Large earthquakes in stable continental regions
Eric Calais  1, *@  
1 : Department of Geosciences
Ecole Normale Supérieure de Paris - ENS Paris
24 rue Lhomond, 75005 Paris -  France
* : Corresponding author

Large earthquakes within stable continental regions (SCR), where tectonic loading rates are negligible, show that significant amounts of elastic strain can be released on geological structures far from plate boundary faults, where the vast majority of the Earth's seismic activity takes place. In the absence of a more appropriate model, they are traditionally viewed as analogous to their plate boundary counterparts, occurring when the accrual of tectonic stress localized at long-lived active faults reaches failure threshold.

Here we present an ensemble of observations in support of the following (testable) hypotheses:
- SCR earthquakes do not persist on any single fault system.
- SCR faults do not localize stress or strain accrual.
- SCR faults are at failure equilibrium.
- SCR earthquakes often require the presence of fluids at seismogenic depth.
- SCR crust is a reservoir of "fossil strain" stored over long geological times as a result of slowly varying tectonic forces.
- SCR earthquakes are triggered by transient variations of local stress that modulate the slowly-varying, background tectonic stress.

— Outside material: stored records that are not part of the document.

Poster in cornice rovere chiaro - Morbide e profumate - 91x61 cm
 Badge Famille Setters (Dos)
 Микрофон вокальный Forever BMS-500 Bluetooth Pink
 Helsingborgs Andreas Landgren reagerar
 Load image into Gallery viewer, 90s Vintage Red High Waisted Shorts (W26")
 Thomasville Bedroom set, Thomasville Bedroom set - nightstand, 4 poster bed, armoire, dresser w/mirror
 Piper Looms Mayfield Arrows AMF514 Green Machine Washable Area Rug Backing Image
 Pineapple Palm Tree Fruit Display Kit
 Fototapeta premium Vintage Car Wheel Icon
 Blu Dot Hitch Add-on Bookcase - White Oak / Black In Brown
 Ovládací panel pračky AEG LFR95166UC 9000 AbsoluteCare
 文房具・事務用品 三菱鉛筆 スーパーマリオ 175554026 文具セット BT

We argue that SCR earthquakes are better explained by transient perturbations of local stress or fault strength that release elastic energy from a prestressed lithosphere than by localized accrual and release of tectonic stresses on individual fault systems. As a result, SCR earthquakes can occur in regions with no previous seismicity and no surface evidence for strain accumulation. They need not repeat, since the tectonic loading rate is close to zero. Therefore, concepts of recurrence time or fault slip rate do not apply. As a consequence, seismic hazard in SCRs is likely more spatially distributed than indicated by paleoearthquakes, current seismicity, or geodetic strain rates.